What was the result of the Jesuits' missionary work in Asia?
What will be an ideal response?
Answers will vary. The first missionary work in Asia was an effort by Francis Xavier, who worked from a Portuguese base in Goa and tried to find converts in India and Japan. He stayed two years in Japan, where some local rulers, who were crucial for the missionary's success, supported the Jesuits' efforts in order to strengthen commercial ties with the Portuguese. This approach was initially successful, with a Catholic Japanese community of approximately 250,000 by 1600. However, this community fell into conflict with the arrival of Spanish missionaries from the Philippines, and internal quarrels caused this community to collapse. Subsequently, the Japanese government repressed Christianity quite brutally, killing up to 40,000 converts and closed the door to the West. In China, with the efforts of the Italian Jesuit Matteo Ricci, efforts were not as dramatic in terms of gaining converts, but did expose both China and Europe to their respective cultures. Ricci maintained an effort to learn Mandarin, dress in the Chinese fashion, and appeal to the Chinese elite by pointing out similarities between Catholicism and Confucianism.

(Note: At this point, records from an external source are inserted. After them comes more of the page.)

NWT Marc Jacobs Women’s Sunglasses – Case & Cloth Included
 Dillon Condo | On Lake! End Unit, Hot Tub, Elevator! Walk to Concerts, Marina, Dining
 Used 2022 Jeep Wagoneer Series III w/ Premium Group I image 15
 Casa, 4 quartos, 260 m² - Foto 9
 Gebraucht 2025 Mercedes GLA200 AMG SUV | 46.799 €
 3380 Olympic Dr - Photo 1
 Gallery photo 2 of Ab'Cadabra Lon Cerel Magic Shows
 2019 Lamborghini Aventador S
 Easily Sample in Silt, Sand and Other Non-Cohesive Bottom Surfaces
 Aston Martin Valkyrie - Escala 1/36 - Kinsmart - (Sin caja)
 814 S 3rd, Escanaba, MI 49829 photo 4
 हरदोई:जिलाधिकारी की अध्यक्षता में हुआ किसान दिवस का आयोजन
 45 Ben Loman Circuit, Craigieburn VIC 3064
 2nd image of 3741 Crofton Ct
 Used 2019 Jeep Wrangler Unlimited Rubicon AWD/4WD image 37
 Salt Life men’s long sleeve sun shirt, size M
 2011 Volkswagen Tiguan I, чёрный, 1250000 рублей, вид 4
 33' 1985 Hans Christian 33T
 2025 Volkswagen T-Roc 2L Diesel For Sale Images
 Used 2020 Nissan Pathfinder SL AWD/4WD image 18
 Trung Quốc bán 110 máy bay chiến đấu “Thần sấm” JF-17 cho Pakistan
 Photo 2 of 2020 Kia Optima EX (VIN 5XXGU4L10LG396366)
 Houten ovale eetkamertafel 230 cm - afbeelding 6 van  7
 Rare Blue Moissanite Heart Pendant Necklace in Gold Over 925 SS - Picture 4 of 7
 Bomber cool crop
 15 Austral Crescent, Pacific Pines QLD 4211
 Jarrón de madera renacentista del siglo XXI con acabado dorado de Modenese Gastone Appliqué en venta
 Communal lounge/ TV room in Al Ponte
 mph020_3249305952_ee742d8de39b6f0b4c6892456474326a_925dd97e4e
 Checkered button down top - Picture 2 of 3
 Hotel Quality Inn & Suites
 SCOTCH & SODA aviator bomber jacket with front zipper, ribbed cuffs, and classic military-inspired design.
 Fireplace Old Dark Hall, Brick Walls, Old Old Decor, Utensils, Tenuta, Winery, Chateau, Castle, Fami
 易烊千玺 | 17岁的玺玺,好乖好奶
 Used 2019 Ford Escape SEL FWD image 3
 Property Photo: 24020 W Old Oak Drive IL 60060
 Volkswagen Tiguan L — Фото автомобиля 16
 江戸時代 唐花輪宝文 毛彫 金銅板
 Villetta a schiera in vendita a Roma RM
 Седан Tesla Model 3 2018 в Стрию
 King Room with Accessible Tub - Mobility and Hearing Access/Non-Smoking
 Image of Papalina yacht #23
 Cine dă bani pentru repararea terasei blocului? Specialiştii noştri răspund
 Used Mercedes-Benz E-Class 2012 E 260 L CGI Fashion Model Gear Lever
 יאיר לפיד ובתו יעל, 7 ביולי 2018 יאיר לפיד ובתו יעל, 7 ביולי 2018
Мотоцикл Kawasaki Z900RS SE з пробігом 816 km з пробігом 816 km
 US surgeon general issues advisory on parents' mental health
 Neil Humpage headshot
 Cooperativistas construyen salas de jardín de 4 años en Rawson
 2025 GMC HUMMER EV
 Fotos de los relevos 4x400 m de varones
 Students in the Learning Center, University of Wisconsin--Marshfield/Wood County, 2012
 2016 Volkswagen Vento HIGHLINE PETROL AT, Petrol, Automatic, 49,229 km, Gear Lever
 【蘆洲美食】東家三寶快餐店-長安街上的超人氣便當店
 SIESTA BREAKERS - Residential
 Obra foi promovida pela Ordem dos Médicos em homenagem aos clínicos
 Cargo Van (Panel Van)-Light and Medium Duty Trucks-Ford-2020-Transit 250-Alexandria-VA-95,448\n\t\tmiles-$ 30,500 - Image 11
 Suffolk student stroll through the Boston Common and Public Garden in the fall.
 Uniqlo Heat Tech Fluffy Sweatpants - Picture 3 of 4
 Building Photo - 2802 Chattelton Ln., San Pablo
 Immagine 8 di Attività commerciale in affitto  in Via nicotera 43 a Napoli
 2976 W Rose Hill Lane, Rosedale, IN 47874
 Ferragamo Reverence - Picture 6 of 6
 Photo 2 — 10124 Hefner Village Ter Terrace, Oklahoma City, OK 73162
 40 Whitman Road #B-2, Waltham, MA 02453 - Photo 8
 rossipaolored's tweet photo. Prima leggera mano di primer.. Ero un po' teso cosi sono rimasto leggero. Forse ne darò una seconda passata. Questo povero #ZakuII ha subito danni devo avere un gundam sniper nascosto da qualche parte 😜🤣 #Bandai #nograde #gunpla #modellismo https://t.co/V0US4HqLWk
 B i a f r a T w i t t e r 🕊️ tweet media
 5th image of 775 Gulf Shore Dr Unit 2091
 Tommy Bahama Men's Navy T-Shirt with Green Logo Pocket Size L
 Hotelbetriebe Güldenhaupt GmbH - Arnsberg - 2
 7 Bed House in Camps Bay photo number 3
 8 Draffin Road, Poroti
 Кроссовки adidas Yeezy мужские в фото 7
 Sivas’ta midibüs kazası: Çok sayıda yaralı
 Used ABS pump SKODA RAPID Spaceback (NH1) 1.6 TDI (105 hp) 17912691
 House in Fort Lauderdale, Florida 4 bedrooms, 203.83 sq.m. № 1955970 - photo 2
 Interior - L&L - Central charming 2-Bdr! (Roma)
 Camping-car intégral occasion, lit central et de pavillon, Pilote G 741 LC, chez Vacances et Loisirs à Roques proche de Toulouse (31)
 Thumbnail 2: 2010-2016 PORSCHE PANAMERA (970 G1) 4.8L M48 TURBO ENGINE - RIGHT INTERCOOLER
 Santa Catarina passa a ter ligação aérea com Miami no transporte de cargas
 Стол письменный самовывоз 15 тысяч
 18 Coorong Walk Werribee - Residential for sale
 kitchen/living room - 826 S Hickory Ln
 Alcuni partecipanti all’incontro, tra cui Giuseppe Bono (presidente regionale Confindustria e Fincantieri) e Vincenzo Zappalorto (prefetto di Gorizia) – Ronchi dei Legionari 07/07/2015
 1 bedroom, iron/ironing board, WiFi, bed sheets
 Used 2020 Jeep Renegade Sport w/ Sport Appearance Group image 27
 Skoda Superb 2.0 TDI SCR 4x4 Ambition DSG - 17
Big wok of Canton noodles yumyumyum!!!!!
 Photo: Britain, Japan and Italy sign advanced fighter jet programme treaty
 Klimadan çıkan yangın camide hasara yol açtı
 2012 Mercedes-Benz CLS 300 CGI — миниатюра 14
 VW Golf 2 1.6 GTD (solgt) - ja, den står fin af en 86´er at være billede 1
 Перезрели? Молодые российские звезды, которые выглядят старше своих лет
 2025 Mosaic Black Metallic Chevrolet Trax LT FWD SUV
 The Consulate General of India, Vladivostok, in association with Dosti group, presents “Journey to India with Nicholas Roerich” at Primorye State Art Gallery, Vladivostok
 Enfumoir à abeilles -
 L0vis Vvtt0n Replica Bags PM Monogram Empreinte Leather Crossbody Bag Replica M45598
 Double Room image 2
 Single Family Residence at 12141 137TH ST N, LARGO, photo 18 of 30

However, this can be construed as a mixed success because, while the conversion efforts did not recruit as many as in other areas of Asia and the Americas, Ricci's firsthand accounts of the Chinese spread widely throughout Europe and raised the point that the Chinese were unquestionably "civilized," unlike the debates about indigenous populations of the Americas, which raised uncomfortable issues about the benefits of Christianity.